Riva ASR Not Recognizing Speech (Empty Transcript)

Greetings,

Problem Description
I’m experiencing an issue with Nvidia Riva ASR where the server receives audio data via gRPC and detects the audio duration, but it fails to recognize any speech and always returns an empty transcript to the client.

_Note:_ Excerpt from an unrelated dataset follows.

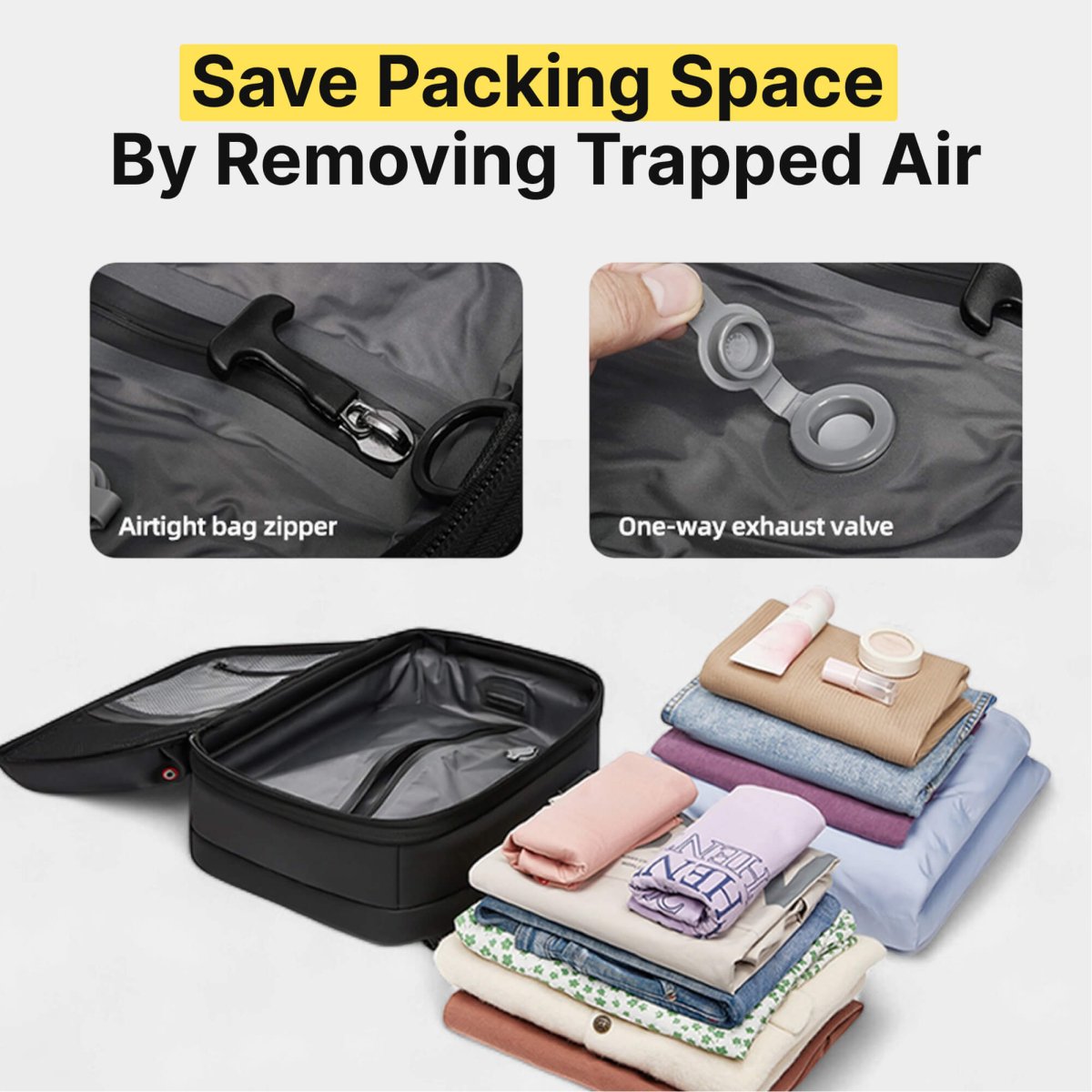 VAULTBAG® Vacuum Kit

Below is a log snippet from the Riva server:

grpc_riva_asr.cc:685] ASRService.Recognize called.
grpc_riva_asr.cc:854] Using model conformer-en-US-asr-offline-asr-bls-esemble from Triton localhost:8001 for inference
status_builder.h:100] {"specversion":"1.0", "type": "riva.asr.recognize.v1", "source":"","subject":"", "id": "df8df5d5-72bb-4ff11-b918-f19b0p477712", "datacontenttype":"application/son","time":"2025-02-21T11:30:40.061173945+00:00","data":{"release_version":"2.18.0","customer_uuid":"","ngc_org":"","ngc_team":"","ngc_org_team":"","container_uuid":"","language_code":"en-US","request count":1,"audio_duration":4.000805421311011, "speech_duration":"0.0, "status":0,"err msg":""}}

The key issue here is that speech_duration remains 0.0, indicating that the server does not detect any actual speech in the provided audio.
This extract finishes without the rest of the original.